Sunday, April 10, 2011

Source of power on campus?

A conversation recently with someone unfamiliar with UCC included the question where the source of power was-perhaps unsurprising as academic institutions can be particularly opaque to the uninitiated. I was of course unable to say, and asked merely that if they found it they let me know. As I have been someone who often felt that as soon as I was on a committee the decisions happened at the pre-meeting, I am not often surprised at an inability to discover where an actual decision is taken. This may frighten those who think college heads have power, (and reassure others who hope they do not), but it illustrates a general point that the really interesting meetings and decisions are often not in the obvious fora but elsewhere. In fact that realisation -when I noticed the small attendance at College Assembly meetings- was in part the inspiration behind this blog-and reflects a fact which I should have known from my own research, which is that what is really interesting and significant happens on the margins-the periphery. I have always used this to argue for and examine the centrality of emergency legisaltion in the criminal process, so I should not have been surprised that in my role as college head the headiest and most insightful experiences would be outside regular stuctures.
And so to some of the interesting 'off site' meetings i.e. outside structures and so possibly invisible if you were that martian looking for the source of power and decision:
the College 'forfas' rountable discussion on research themes where real intellectual robustness and creativity was displayed by all present in an exciting clash of ideas at times-which did lead somewhere in terms of identification of themes for that process (however flawed);
the College school recruitment committees with staff expressing great and innovative ideas about promoting our courses & in particular the BA;
and roundtable discussions regarding the MA in Irish Studies where I am learning a lot and those participating are showing great patience (with me) as well as good humour and energy in planning that academic programme.
In the institution itself it is also true that the 'big ideas' will be on the margins: -between disciplines perhaps in small isolated offices or emergent in conversations over coffee between scientists and arts/humanities people, and that it is these that will change our education and research.

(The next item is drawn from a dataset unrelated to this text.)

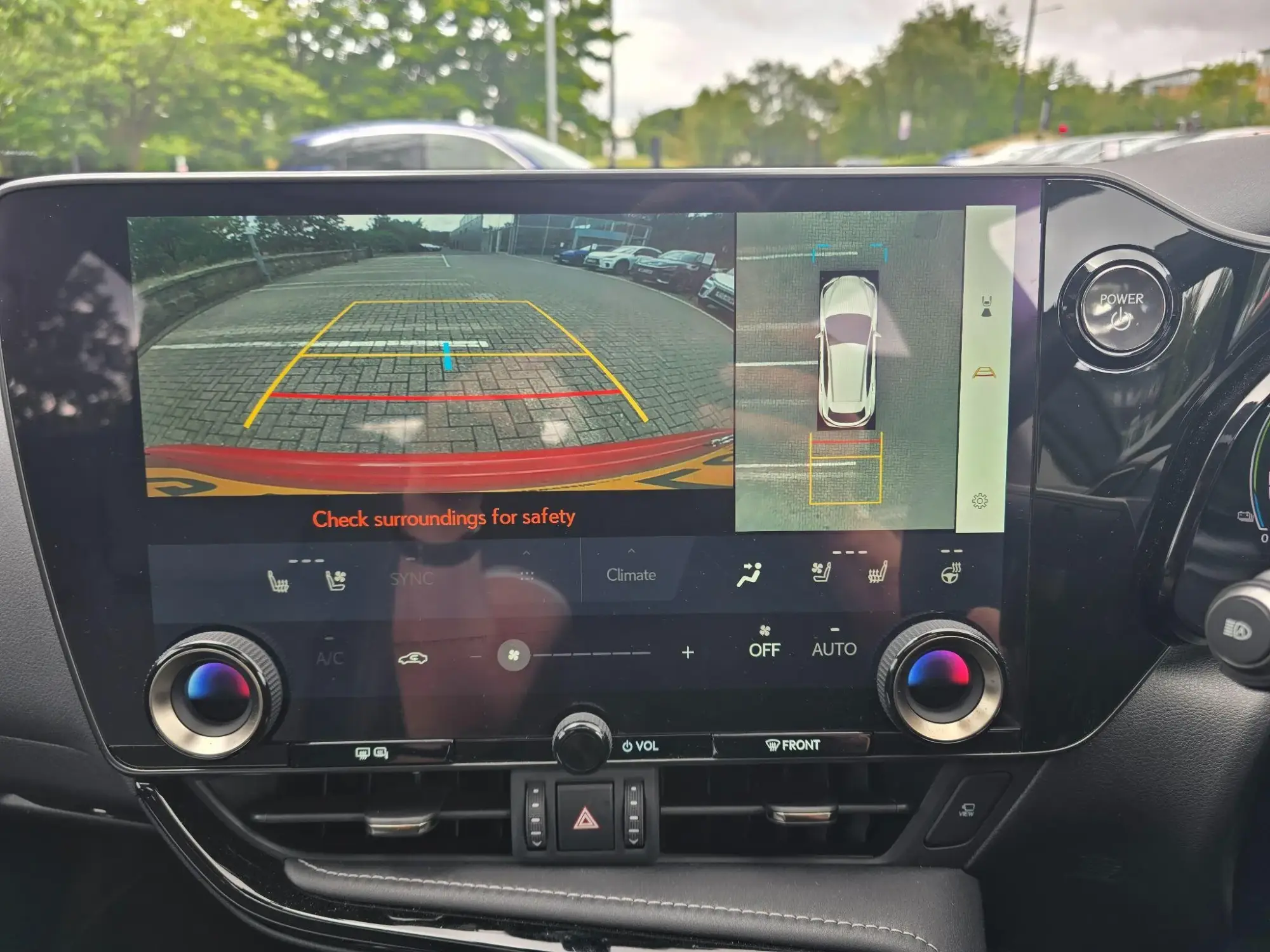 Lexus NX Image 25 Lexus NX Image 25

Rarely will the oft mentioned 'innovation' happen in a committe or indeed a structured meeting. The one exception and occasion when ideas that challenge and will change our world emerge in a structured way -and not infrequently but with great regularity- is in the lecture theatre and class room, and they were perhaps my best and favourite moments of this term, when occasionally I saw my students exited by ideas, and literally bursting to articulate them. Like all academics it is that which keeps me going-that is where the real action and power on campus lies. Everything else we do whether as college heads or elsewhere should be to support that learning process. It is those revolutions of thought that will change our worlds, and so that is where the true power is and should be on campus.

2 comments:

  1. There is no single "source of power"; like any other organisation, there are several - the power to keep the show on the road, which lies with a limited number of mid-level administrative staff, the official power structures, which are often a waste of time in endless meetings, the power to innovate, which lives (hides?) on the fringes, the power of the University Management Team, which is a bit like the power of the helm on the Titantic, able to turn the ship, but not very quickly. In all of these, any university is no different to any other large organisation.

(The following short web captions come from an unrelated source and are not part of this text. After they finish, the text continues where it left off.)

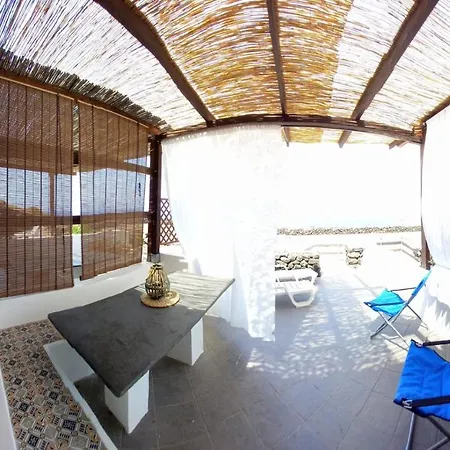 Perla Nera I Dammusi Di Scauri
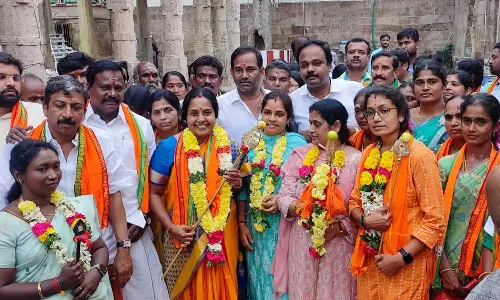 பழனி கோவில் கும்பாபிஷேகத்தில் ஆகமவிதிகள் மீறப்படவில்லை என விளக்கம் தேவை வானதி சீனிவாசன் பேட்டி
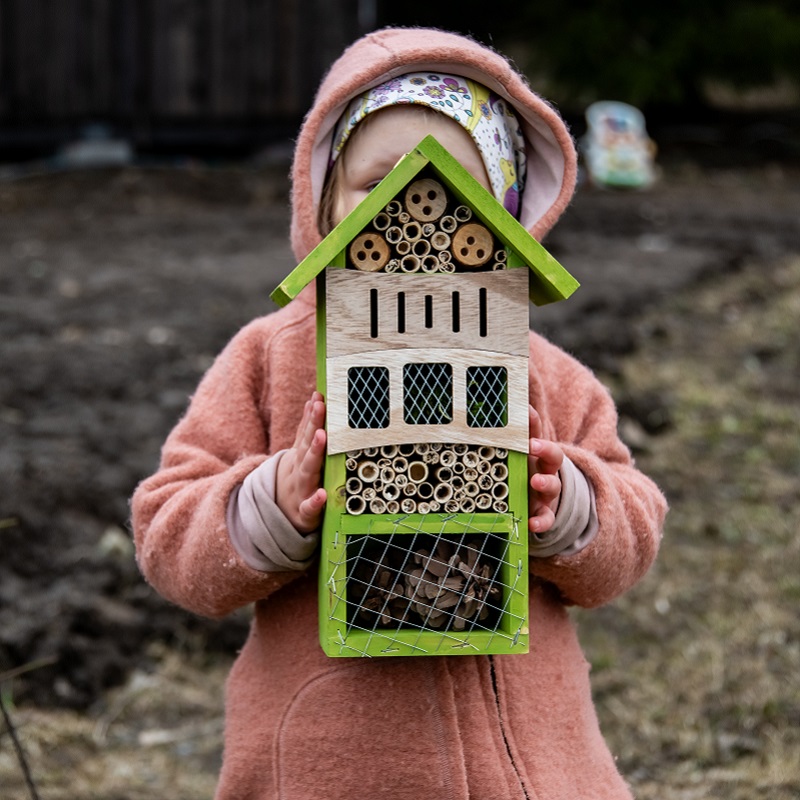putukahotell putukamaja putukate söögikoht söögiplats lapsele loodusõpe õuesõpe õueharidus bioloogia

    The biggest power relationship is between academics and students. Our students come to us from a secondary system which systematically limits their power in the interests of classroom management and social control. In theory, we try to develope them from recyclers of notes in exams into critical thinkers, but in practice, we don't often succeed.

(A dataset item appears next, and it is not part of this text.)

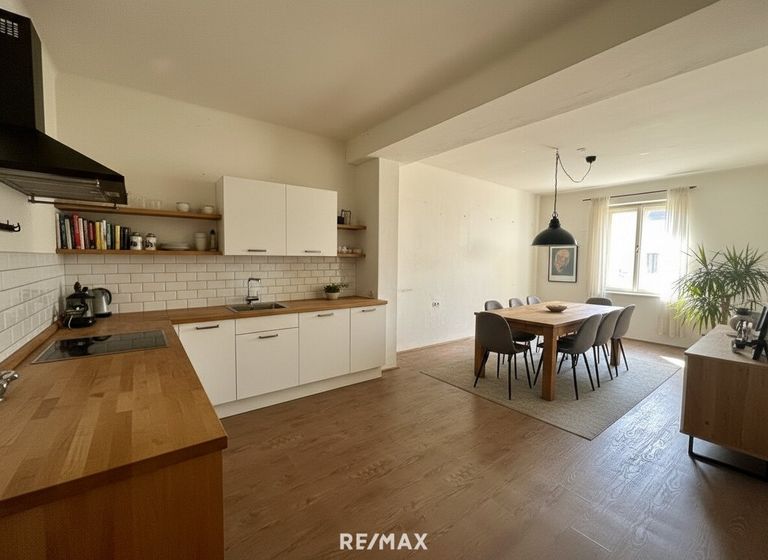 Küche mit Essbereich _ KI-generiert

    The lecture-exam format reinforces this power relationship - it is easy to keep control and keep the show on the road with this pedagogy. There is a view that power is zero sum game, and changing pedagogic approaches to empower students means academics lose some power - and some academics are very insecure about that. There is always a fear that if you fiddle with 'the way things are done' things might go wrong and the university doesn't like that. Changing the power relationship, shifting the power from teaching to learning, is a risk, and we live in a very risk averse culture. Innovating in pedagogic approaches and in course structures risks doing things which might not work, and therefore we need to be more realistic in our assessment of risks - something we're not very good at, as we can see from the current economic mess we walked into! Still, they say you teach best what you most need to learn, and perhaps that should be our mission.